__DATASET SECTION__:
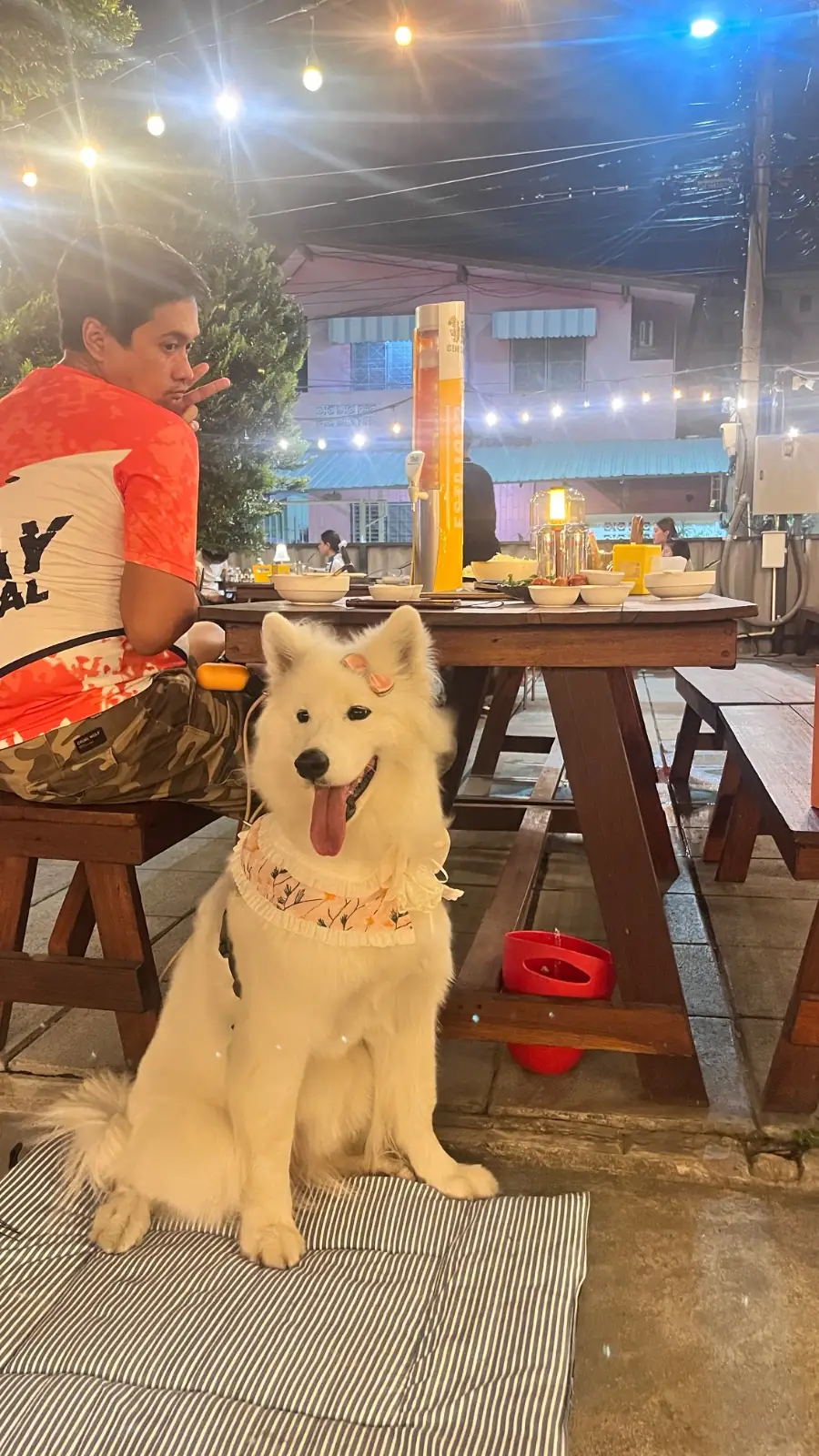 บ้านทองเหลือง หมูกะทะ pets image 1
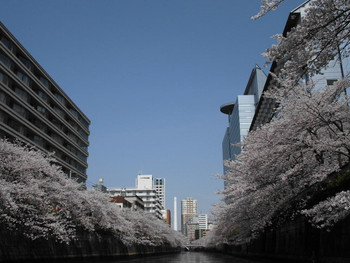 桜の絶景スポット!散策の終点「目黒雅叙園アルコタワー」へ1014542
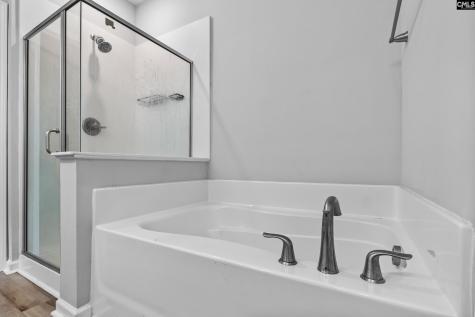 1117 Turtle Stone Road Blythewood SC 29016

__WHAT YOU WILL DO__:
Output all of the data exactly. Skip the pictures.

__COMPLETED TASK__:
 บ้านทองเหลือง หมูกะทะ pets image 1
 桜の絶景スポット!散策の終点「目黒雅叙園アルコタワー」へ1014542
 1117 Turtle Stone Road Blythewood SC 29016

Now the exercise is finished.